Beyond the ranch: Diamond 7 Bar Ranch finds opportunity around every corner in rural Wyoming
Alva – “You can be whatever you want to be, but you’ve got to go get it,” says Beth Reilly of the advice she gives her own four boys. “We can’t stand here and wait for someone to give it to us.”
It seems to be the advice by which Beth and her husband Pat live their own lives.
“Our great-grandfather homesteaded here in the late 1800s,” says Beth, whose maiden name is Mahoney. “We have a long history in this area.”
They first settled in the Centennial Valley between Spearfish and Deadwood, S.D. After coming to the Alva area to hunt because game was more plentiful there, the family decided to move that direction.
The family homesteaded and was able to purchase neighboring homesteads.
“This little area is tucked along this side of the Bearlodge Mountains and gets as much snow as anywhere,” says Beth, “and the snow doesn’t come off until late. Being tucked in the trees here, we don’t get the wind, so it makes the most out of the 15 inches of moisture we receive annually.”
She continues, “Sometimes, it’s late to thaw here, and our crops are slower growing than those out on the prairie. But, we stay green, so the game stays here, and what makes for good game country makes for good cattle grazing.”
Thompson Livestock out of South Dakota summers yearlings on the ranch.
“We have traditionally been a cow/calf operation, but just because grandpa and dad did something doesn’t mean it pencils out today,” says Beth.
The yearlings arrive in the spring and are shipped back out each September before hunting season gets into full swing.
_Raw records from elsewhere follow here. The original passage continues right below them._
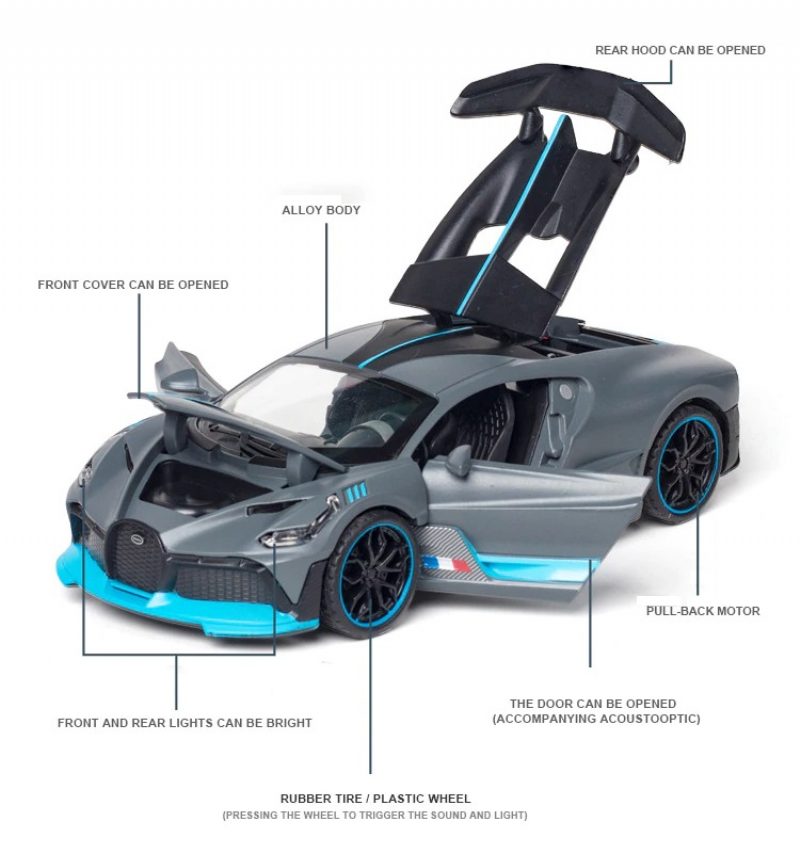 Hliníkové Športové Auto Bugatti Divo Zvukové Svetlá Otvorených Dverí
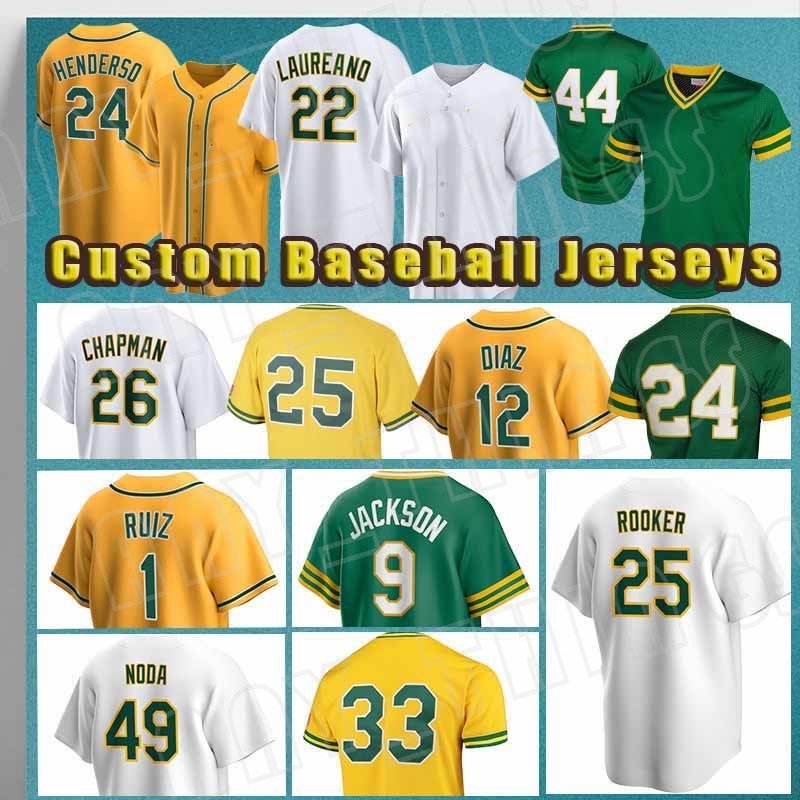 6 Aledmys Diaz Baseball 44 Reggie Jackson Jerseys 24 Rickey Henderson Brent Rooker Athletics Ryan Noda Esteury Ruiz Oakland Ken Waldichuk Zach Jackson Mason Miller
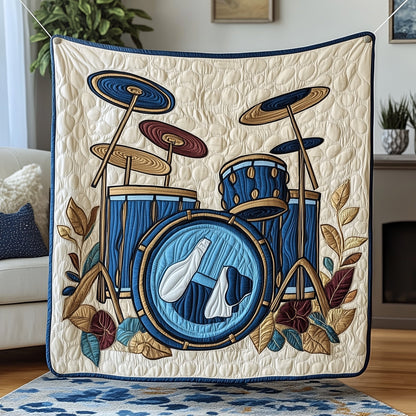 Retro Drum Set Quilted Blanket GFTOTP4232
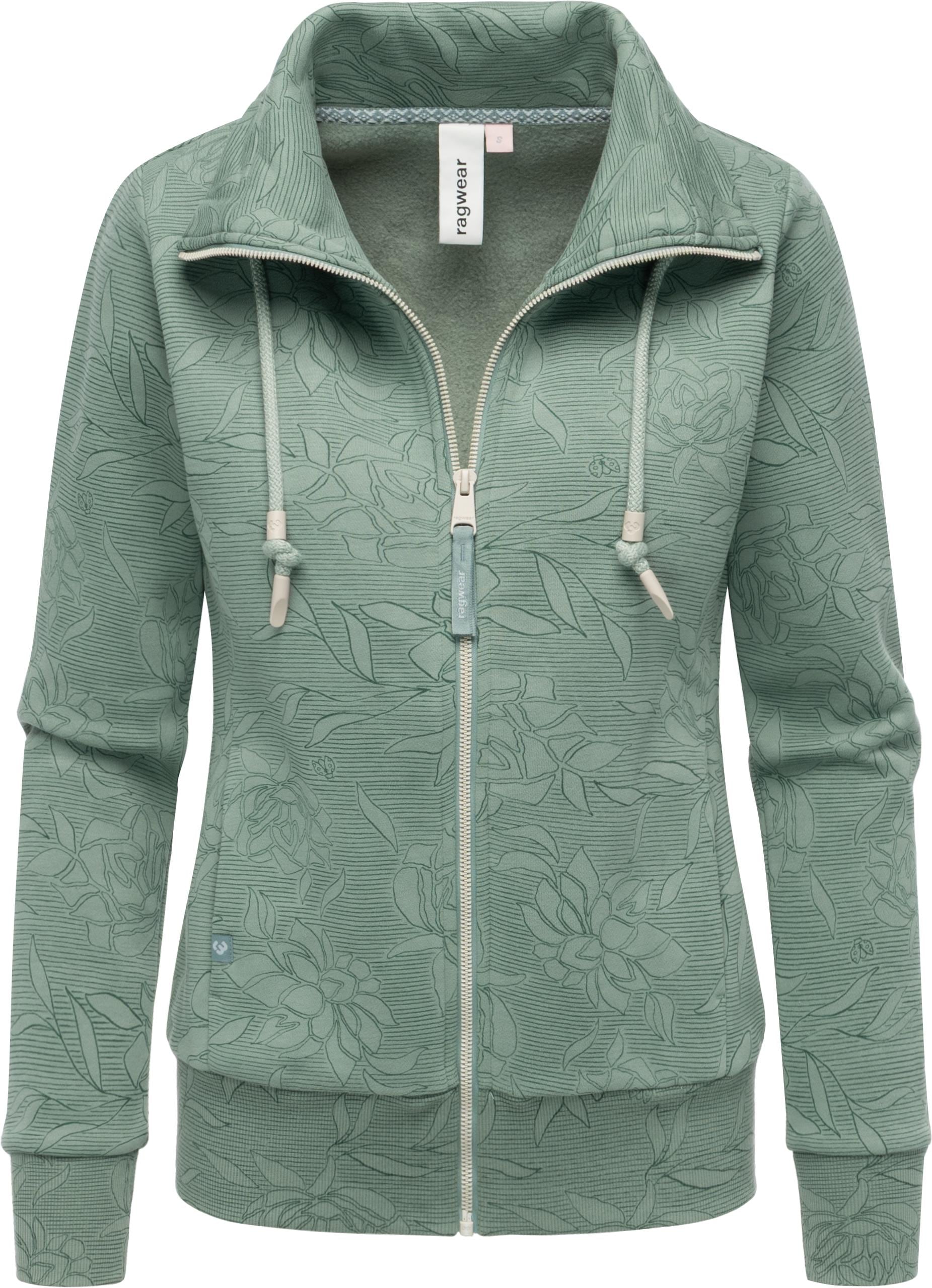 Sweatjacke RAGWEAR "Ronette Print", Damen, Gr. XXL (44), dusty, 70% Baumwolle, 30% Polyester, tailliert hüftbedeckend, hoch geschlossener Ausschnitt, eng Rippstrickbündchen, Sweatjacken, Zip-Jacke mit Allover-Print und hohem Kragen Image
It’s an approach that saves the ranch having to ship in winter hay and the cattle are gone before hunting season gets into full swing.
“We don’t have much for fields,” says Beth. “There’s no way, if we’re fully stocked, that we can have enough hay to make it through the winter here.”
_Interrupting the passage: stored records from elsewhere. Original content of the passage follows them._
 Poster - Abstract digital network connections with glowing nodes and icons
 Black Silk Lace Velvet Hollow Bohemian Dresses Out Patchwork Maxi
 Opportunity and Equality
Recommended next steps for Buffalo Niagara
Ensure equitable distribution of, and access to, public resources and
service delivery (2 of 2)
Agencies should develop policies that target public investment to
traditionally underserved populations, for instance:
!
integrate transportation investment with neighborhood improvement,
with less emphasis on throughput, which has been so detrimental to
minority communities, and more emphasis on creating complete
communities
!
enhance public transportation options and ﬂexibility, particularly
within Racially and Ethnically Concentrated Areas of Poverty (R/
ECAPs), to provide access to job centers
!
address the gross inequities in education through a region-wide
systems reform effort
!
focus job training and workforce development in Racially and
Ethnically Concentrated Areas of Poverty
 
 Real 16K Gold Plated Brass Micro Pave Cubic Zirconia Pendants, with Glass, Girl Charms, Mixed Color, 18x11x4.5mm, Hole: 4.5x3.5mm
The ranch does have a small herd of cows and calves. The steer calves are fed out, either on grass or grain, and sold through the family’s custom beef business.
Hosting hunters on the ranch is a 54-year legacy.
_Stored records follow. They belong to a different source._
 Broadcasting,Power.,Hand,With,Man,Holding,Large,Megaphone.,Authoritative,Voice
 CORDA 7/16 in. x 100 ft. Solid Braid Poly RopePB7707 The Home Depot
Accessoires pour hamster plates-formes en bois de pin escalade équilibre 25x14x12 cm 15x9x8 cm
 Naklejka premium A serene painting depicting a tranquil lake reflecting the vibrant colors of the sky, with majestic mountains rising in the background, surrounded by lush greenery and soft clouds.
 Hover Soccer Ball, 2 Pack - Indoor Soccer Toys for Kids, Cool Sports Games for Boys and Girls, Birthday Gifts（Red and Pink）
“Those first hunters still come,” says Beth, noting that one of the hunters reminds her that he’s been visiting the ranch since before she was born.
From the hunting, broader guest services were launched. With the buildings and infrastructure in place to host guests, Beth’s parents first began operating as a guest ranch in the 1970s for about a 10-year stint.
Pat and Beth have put that business back in full operation, hiring Kendra Meidinger to oversee the ranch’s guest services.
“We want to project a working cattle ranch and what that looks like today,” says Beth. “We have a rotational grazing program. We split about 1,000 head of yearlings into two groups. Every group is moved every 14 days onto fresh grass.”
“They’re in two groups so, if things work correctly, we’re moving a group every week. That works perfectly for the guests who all get in on a cattle drive,” Beth continues. “We make the point that we’re not just moving them for the guests but as a best management practice.”
Guests also have the option of accompanying the ranch crew when they’re haying, fencing and doctoring, which is done with a dart gun. None of the activities are required, but they are an available option for guests.
Tire tank business
Another business, which now employs five people full time, began on the ranch in the late 1970s, early 1980s with Beth’s father, Gerald Mahoney. She says her family jokingly refers to the time period as the “winter of burning rubber.”
Mahoney, tired of stock tanks that did not hold up, was trying to tear the top off of a large mining tire.
“I’m glad he kept working on it,” says Beth of the effort that resulted in Giant Rubber Water Tanks, “because it’s turned into a really good business.”
When Pat and Beth purchased the tank business from Gerald, he had already established a dealer network and sold tanks into quite a few areas but hadn’t pushed the business to its full potential.
The Reillys have grown the dealer network to 140 from all across the country and a branch business in Brazil.
It’s the water tank business that also led Beth to their latest venture, construction of a livery where the ranch meets Highway 24 between Alva and Hulett. It’s the same area where an Old West town, named Bear in tribute to the family that once homesteaded there, is being built.
The ranch also hosts trail rides from this area, catering to guests on their way to nearby Devils Tower National Park.
Summer 2017 resulted in unexpected rapid progress for Bear, which was being considered on a five-year plan following construction of the livery. Some historic buildings, many of which originated in Devils Tower National Park, became available.
Beth and Kendra jumped at the opportunity and are now searching for an old schoolhouse and a historic church to add to their Old West town. There will be a mercantile, a family-friendly saloon and the world’s largest tire swing, built in tribute to Giant Rubber Water Tanks.
Long-term, Bear is slated to become a host site for many activities including weddings and Sunday church services. RV hookups may be another option.
“Setting goals and having those things out there, stuff just falls in your lap if you’re forward planning and thinking,” says Beth. “And, that’s kind of been the way we have progressed. If we have the dreams and if we’re not scared to dream the dreams, then a lot of times the stuff just makes itself available to us.”